- _What you are asked to do_: Copy the lines below exactly. No picture goes into the copy.

┄┄┄┄┄┄

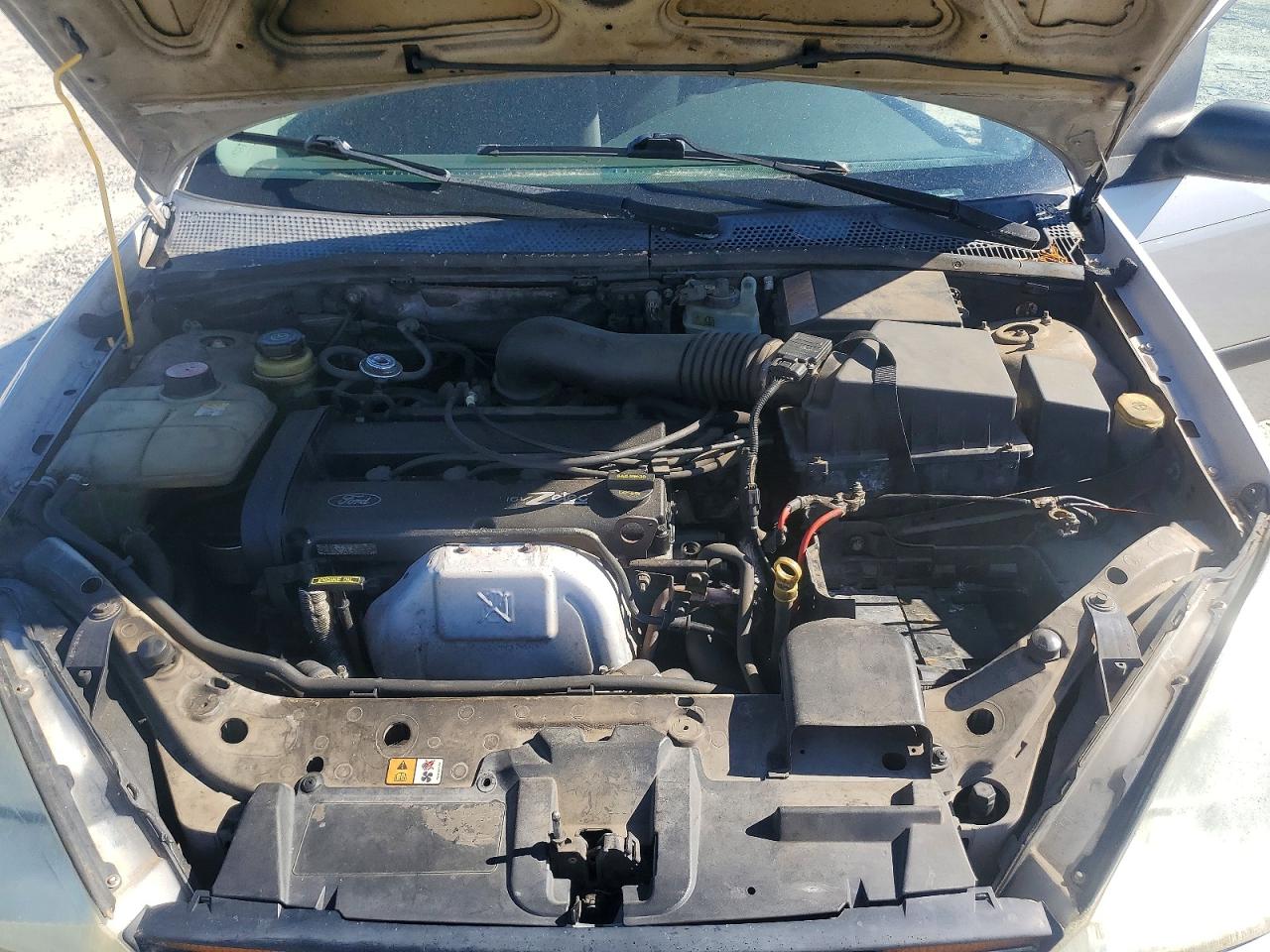 2002 FORD FOCUS ZX3 photo 21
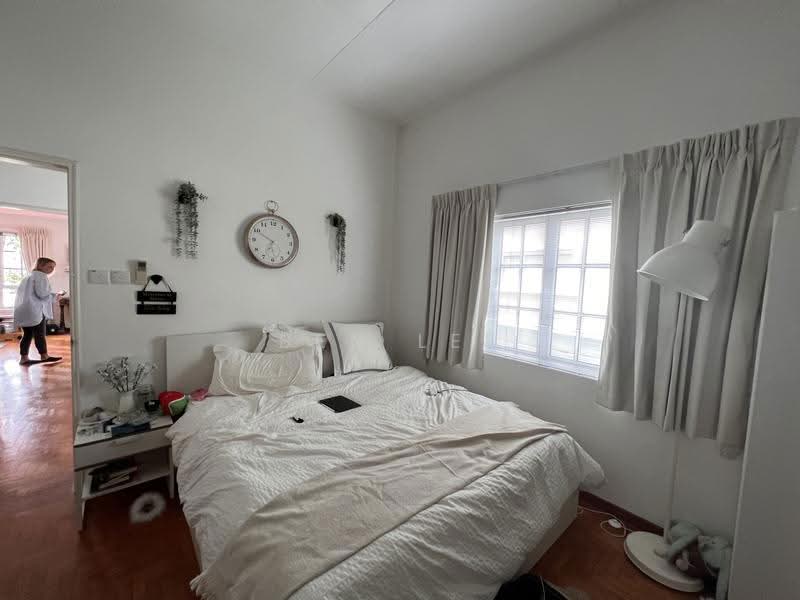 Shamrock Park, 60 Namly Place, Tanglin / Holland / Bukit Timah, 3 Bedrooms, 3,500 sqft, Semi-Detached House For Rent, by Ben Lee, 500204958 - Bedroom - PropertyGuru.com.sg
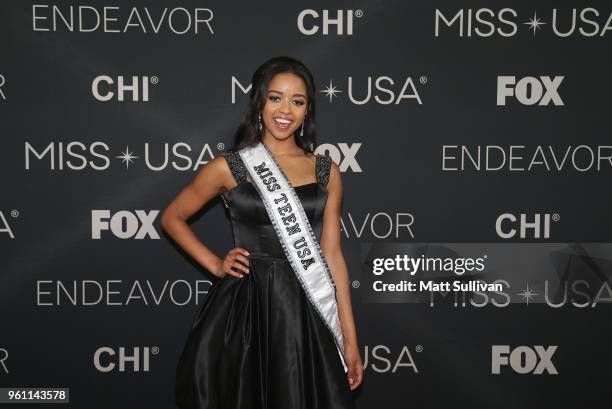 Miss Teen USA 2018 Hailey Colborn walks the red carpet at the Shreveport Convention Center prior to the 2018 Miss USA on May 21, 2018 in Shreveport,...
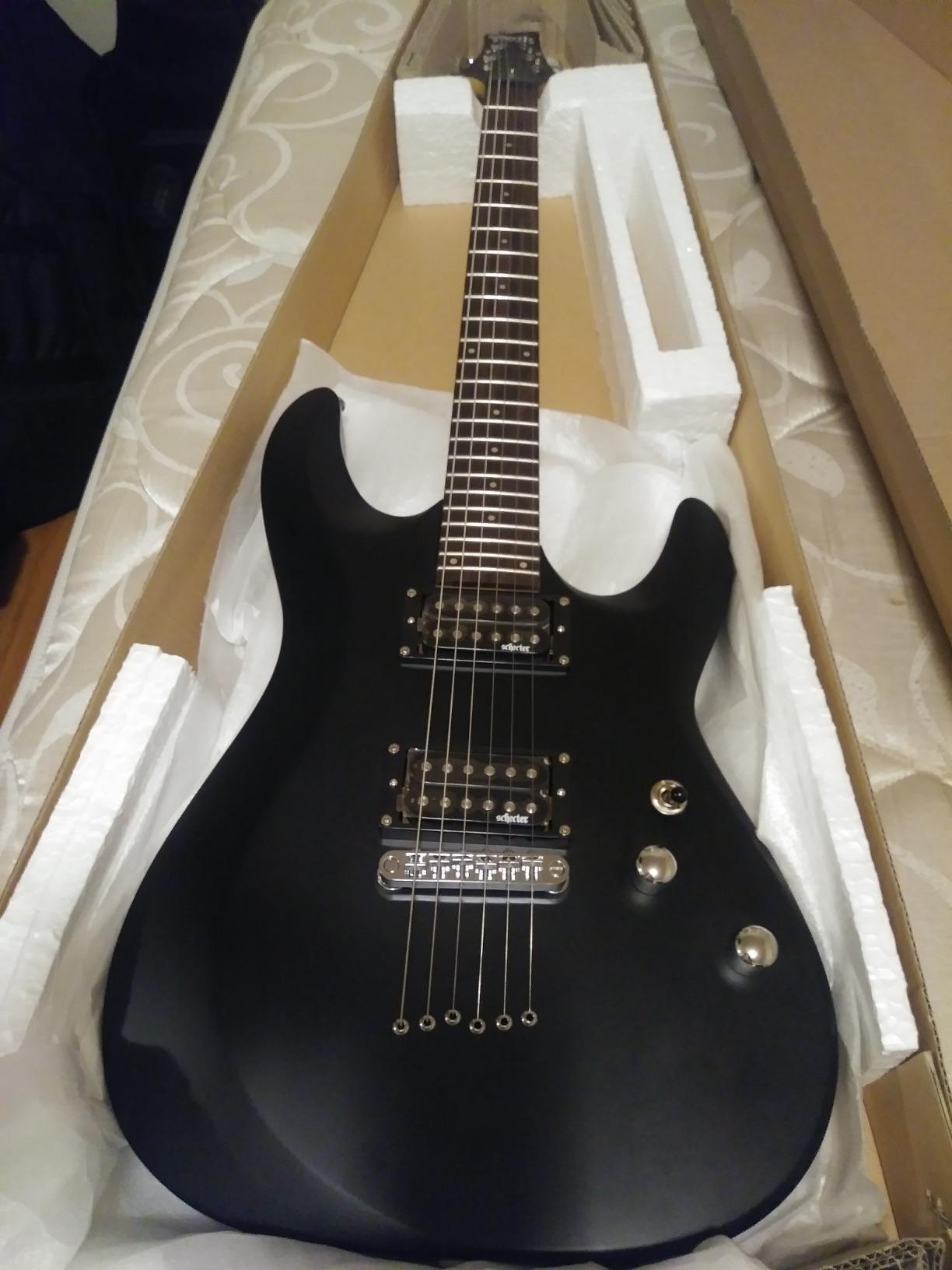Schecter 432 C-6 Deluxe Solid-Body Electric Guitar, Satin White customer photo 2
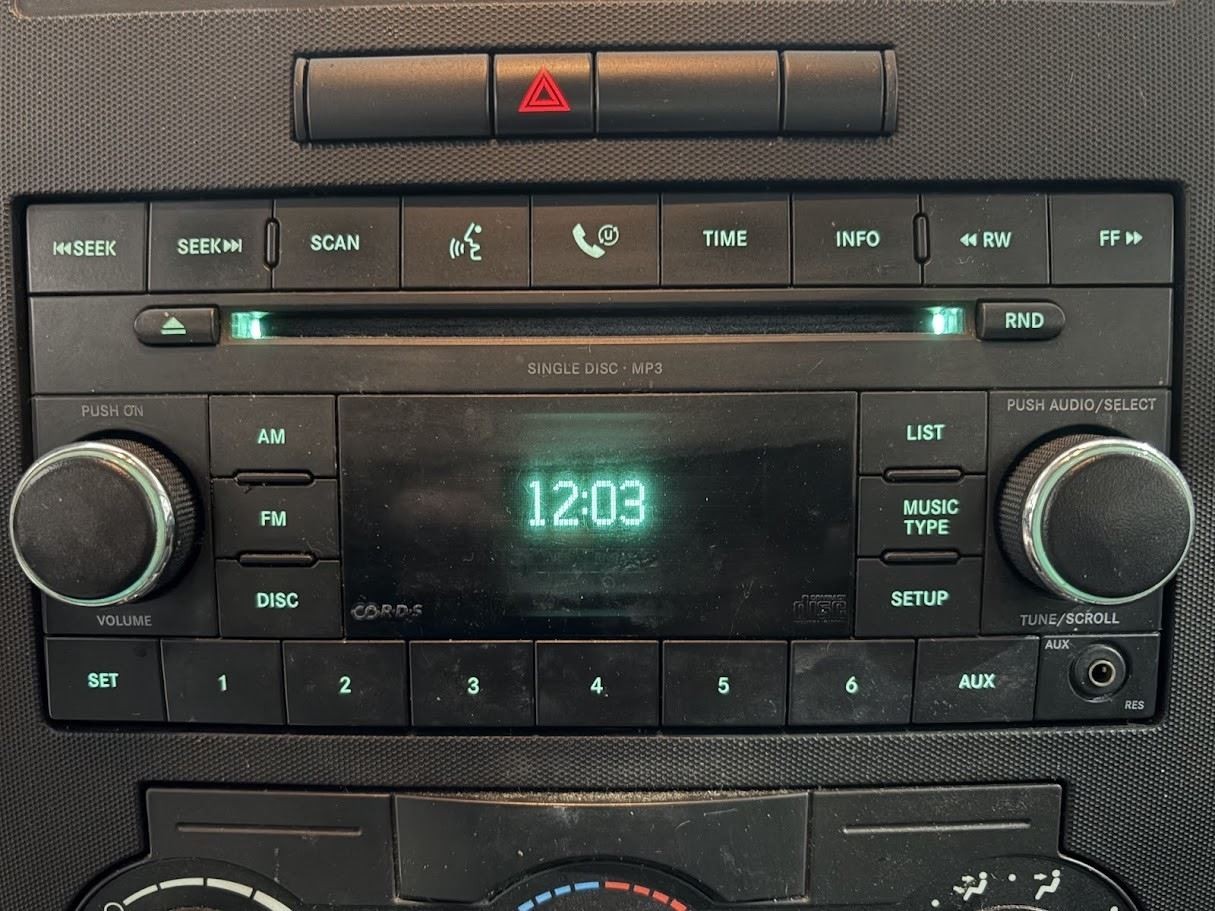 Radio Player Radio Display And Receiver Radio ID RES Fits 08-10 300 1139640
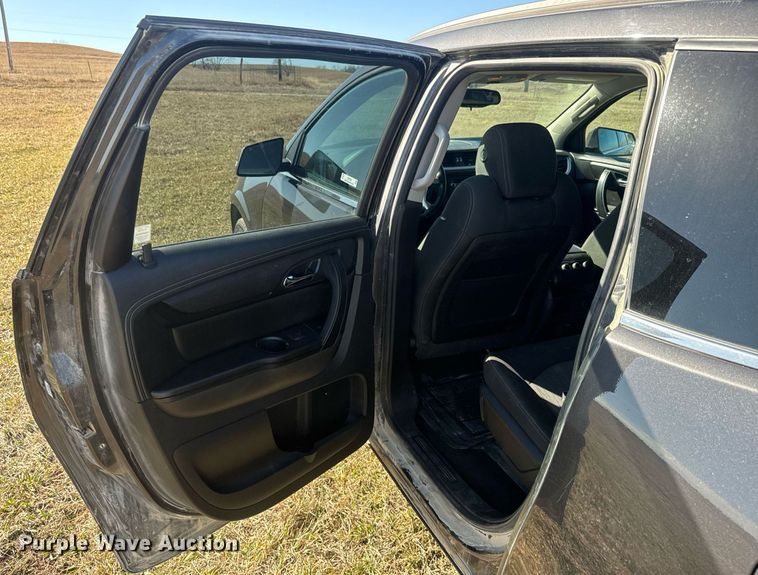 image for item NF9356 2016 Chevrolet  Traverse LT SUV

┄┄┄┄┄┄

- _Exercise answer_:
 2002 FORD FOCUS ZX3 photo 21
 Shamrock Park, 60 Namly Place, Tanglin / Holland / Bukit Timah, 3 Bedrooms, 3,500 sqft, Semi-Detached House For Rent, by Ben Lee, 500204958 - Bedroom - PropertyGuru.com.sg
 Miss Teen USA 2018 Hailey Colborn walks the red carpet at the Shreveport Convention Center prior to the 2018 Miss USA on May 21, 2018 in Shreveport,...
Schecter 432 C-6 Deluxe Solid-Body Electric Guitar, Satin White customer photo 2
 Radio Player Radio Display And Receiver Radio ID RES Fits 08-10 300 1139640
 image for item NF9356 2016 Chevrolet  Traverse LT SUV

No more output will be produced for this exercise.